Data>
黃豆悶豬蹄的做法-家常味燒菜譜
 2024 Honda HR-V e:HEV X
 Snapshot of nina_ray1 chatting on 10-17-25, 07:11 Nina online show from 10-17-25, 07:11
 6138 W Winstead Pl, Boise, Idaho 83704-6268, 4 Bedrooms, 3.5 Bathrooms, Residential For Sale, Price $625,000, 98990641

Work required> Each line above needs to be written out again exactly.

Written solution>
黃豆悶豬蹄的做法-家常味燒菜譜
 2024 Honda HR-V e:HEV X
 Snapshot of nina_ray1 chatting on 10-17-25, 07:11 Nina online show from 10-17-25, 07:11
 6138 W Winstead Pl, Boise, Idaho 83704-6268, 4 Bedrooms, 3.5 Bathrooms, Residential For Sale, Price $625,000, 98990641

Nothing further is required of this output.